Bravo And Their Sick Little Games (Top Chef 3; Episode 11)

So, they finally got rid of CJ. To be honest, I’m a little surprised he made it this far. I mean, let’s face it; he isn’t Top Chef material. However, he’s probably one of the nicest guys in the history of Bravo reality television. Yes, fans and bloggers all over the blogosphere are expressing their love for CJ. He will be missed.



I could make a comment about a certain part of his male reproductive apparatus, or lack thereof; but I won’t. I could devote an entire post to his distracting double chin, but I refuse to do that. I could chastise him for being a bitch to Brian at the judges’ table during the Restaurant Wars episode, but I shall hold my breath. No, I want to celebrate CJ, a man from California who literally towered over the competition. In a world of pompous foodies and culinary types, CJ maintained his All-American charm. And that, my friends, is why many viewers quite fancy the Jolly Green Giant.



This episode revealed another side of CJ, an X-rated side. Ok, ok, I’m totally exaggerating. Anyway, in this episode, we learned that CJ has a thing for ethnic beauties. When Padma nudged the sleeping giant, she was careful not to get too close. There’s no telling what a man of such size is capable of doing in a heightened state of sexual arousal.
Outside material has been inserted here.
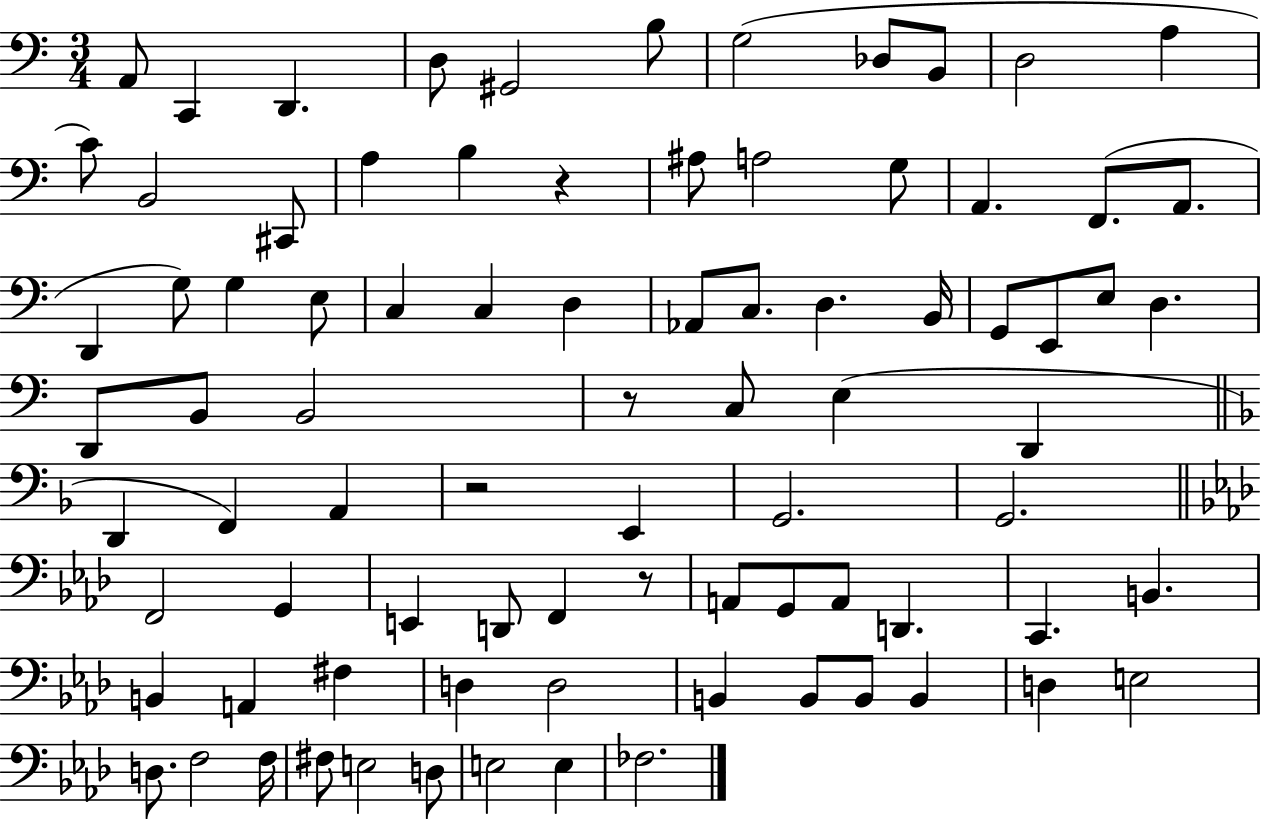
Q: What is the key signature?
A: C major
She probably feared for her life. CJ didn’t cool down after that sexually charged encounter. A few minutes later, when the chefs were given their tickets to some mysterious destination, CJ immediately thought of Japan. He must have been fantasizing about geishas and other lovely Japanese women. But, instead, the chefs were sent to Newark Liberty International Airport. Poor CJ; he must have been so disappointed.



Hung started off the show strong. He won the quickfire challenge by preparing steak, eggs, and a shake. He also made a very wise decision by going with Chilean sea bass for the elimination challenge. He didn’t win, but he certainly impressed the judges. I have to say, Hung is officially my favorite cheftestant. Of all the chefs, he’s the most versatile. He’s very knowledgeable and can prepare dishes that are safe beats, but he’s also not afraid to take risks. He is the man to beat.
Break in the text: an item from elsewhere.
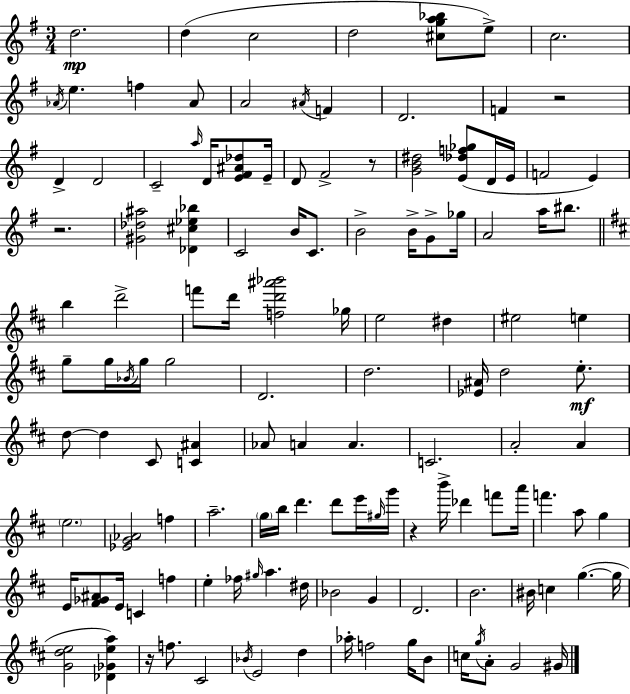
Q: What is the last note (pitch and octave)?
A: G#4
However, the win went to Casey, the Texan who has more lives than a cat. I’m not going to lie, I like Casey. But there’s no denying she’s a real mess. There's no telling what she'll do this week. Seriously, if she gets eliminated, I won't be surprised. I can’t believe she’s managed to win two elimination challenges in a row. How did she do it? It appears that the women are saving the best for last, and that’s certainly something to celebrate. Sara didn’t do so well this time, but her performance a few weeks ago was phenomenal. I’ve said it before and I’ll say it again, she kicked some major ass.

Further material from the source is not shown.